Applications utilisant une approche comparative Wassarman et al. [WRR 01] ont utilisé comme unique critère le degré de conservation des régions intergéniques entre E. coli, Salmonella pneumonia et Klebsiella pneumonia pour générer une liste d’ARNnc potentiels. Les résultats obtenus ont été relativement importants et ont donné lieu à des recherches expérimentales utilisant les micro-arrays. Leur méthode a permis de prédire 60 nouveaux ARNnc chez E. coli dont 18 ont été prouvés expérimentalement. Une seconde approche menée par Argaman et al. [AHV 01] sur E.coli a consisté à combiner un ensemble de critères obtenus lors de la comparaison d’ARNnc déjà identifiés (entre autres les signaux transcriptionnels tel que les promoteurs et terminateurs) avec une recherche de séquences conservées parmi un ensemble de génomes bactériens. Ils ont ainsi obtenus 24 nouvelles prédictions dont 14 ont été prouvées expérimentalement.

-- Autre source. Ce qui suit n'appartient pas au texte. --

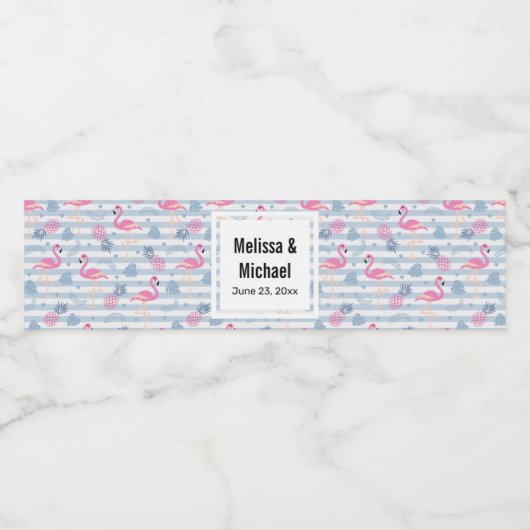 Whimsical Flamingo & Pineappmuster Hochzeit Wasserflaschenetikett (Einzelnes Label)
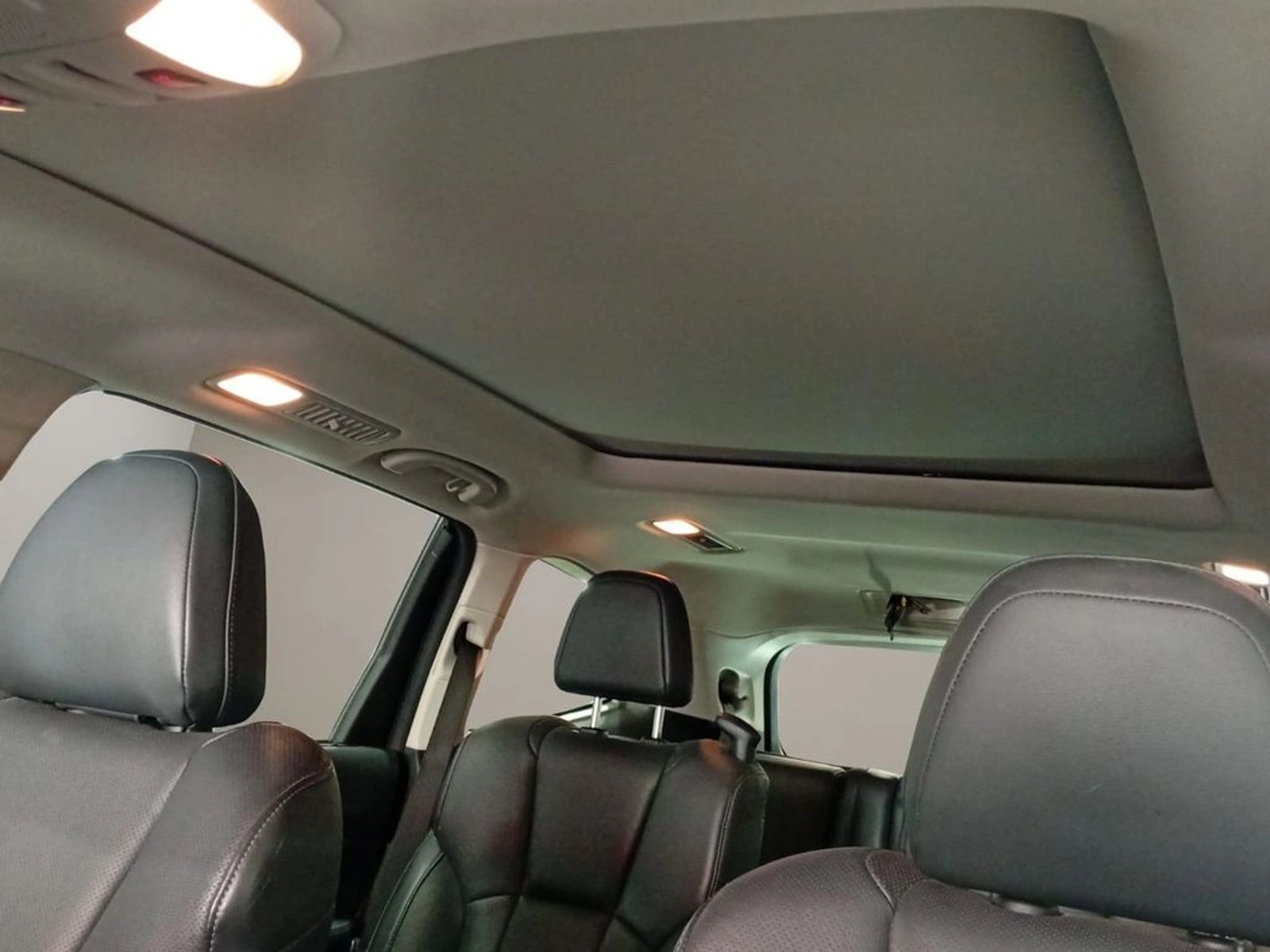 Subaru EVOLTIS 2.4T TOURING GARDX AWD CVT AT 5P 2023 - Imagen 9 de 15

Cette approche est difficilement applicable à des génomes bactériens ou non bactériens pour lesquels les séquences signaux sont moins bien conservés entre espèces. Rivas et Eddy [RKJE01, RE01] ont basé leur approche, implémentée dans QRNA, sur la recherche de régions conservées entre différentes espèces et sur l’examen en parallèle de la nature des différences obtenues lors de la comparaison. L’hypothèse consiste à considérer une région comme appartenant à un gène codant pour une protéine si les différences observées entre les séquences homologues correspondent soit (i) à des codons synonymes 12 soit (ii) à des codons codant pour des acides aminés ayant les mêmes caractéristiques physico-chimiques. A l’inverse, si la région contient un ARNnc, alors un plus grand pourcentage de différences surviennent entre les régions complémentaires préservant ainsi la structure secondaire des ARN (le principe des covariations). En dernier lieu, si la région ne contient aucun gène, alors la distribution des différences entre espèces devrait correspondre à leur fréquence en bases. L’avantage d’une telle approche est d’être applicable à tous génomes pour lesquels la séquence complète est disponible.